The effervescent energy of this film keeps foaming away under everything; especially under its most amazing sequence: as one guy blasts out music from his decks at the high window of a tower block, Pierre Aïm’s camera ethereally floats out over the rooftops looking down, a moment that departs from the tense mood of the scenes either side of it and has surely influenced the drone camerawork of Ladj Ly’s new banlieue film Les Misérables. (But Kassovitz didn’t have drones in 1995. How did he get that shot?)

Of all the figures in La Haine who stand out, the most startling is Vincent Cassel, making his breakthrough in his late 20s, a man on a hair-trigger with a face like an inverted triangle, sharp as a blade. The late critic Philip French described Cassel best, calling him “fiercely uningratiating”. It is Cassel who supplies the rocket-fuel of resentment; without him, Taghmaoui and Kounde might have been simply too laid-back, although again I’m not sure that Cassel is projecting “hate” as such. Our three musketeers are to come across some bizarre things on their travels, including a cameo from Tadek Lokcinski as an elderly Pole in a public toilet who emerges from a stall to tell them all about the importance of defecating regularly. There is also a very shrewd and disturbing scene in which two cops school a younger colleague in violent interrogation and the art of not going too far.

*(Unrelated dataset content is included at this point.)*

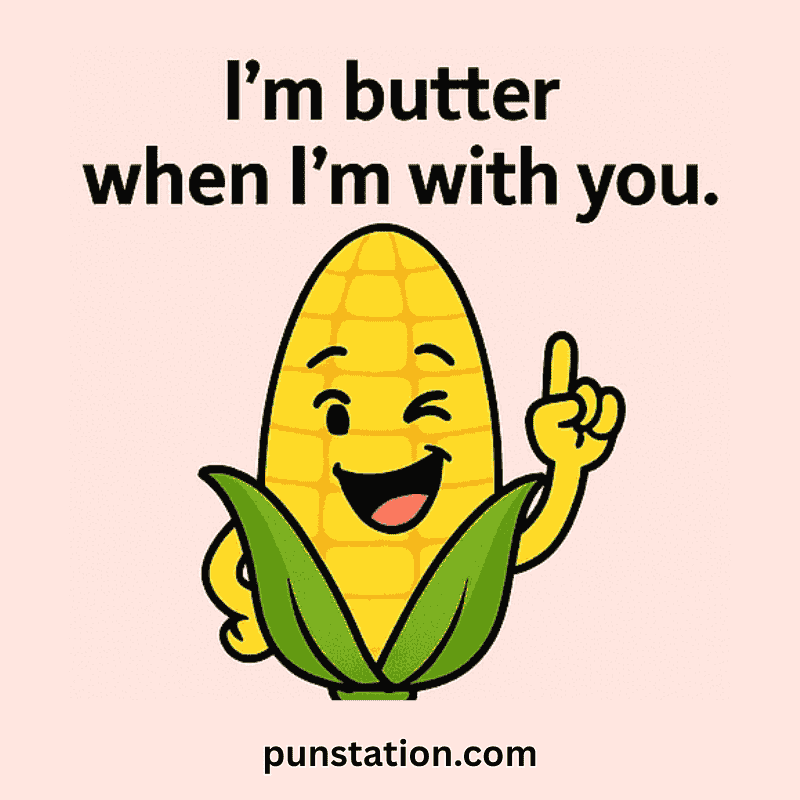 Cartoon Corn Laughing with Corn Pun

Related: How La Haine lit a fire under French society

The movie is bookended with the famous non-joke about the guy who falls off a skyscraper and, as he falls, people can hear him optimistically murmuring: “So far, so good … so far, so good…” A brutal landing is imminent, the movie implies, a horrible violent reckoning of racial injustice. For 25 years since La Haine came, it seems as if the fall has been continuing and the definitive landing has still not happened, or rather that we get the fall, the landing, then another fall. The violent descent has been contained and normalised. It’s more a case of “So far, so bad … so far, so bad…” La Haine is an unmissable response to an unending emergency.

• La Haine is in cinemas from 11 September.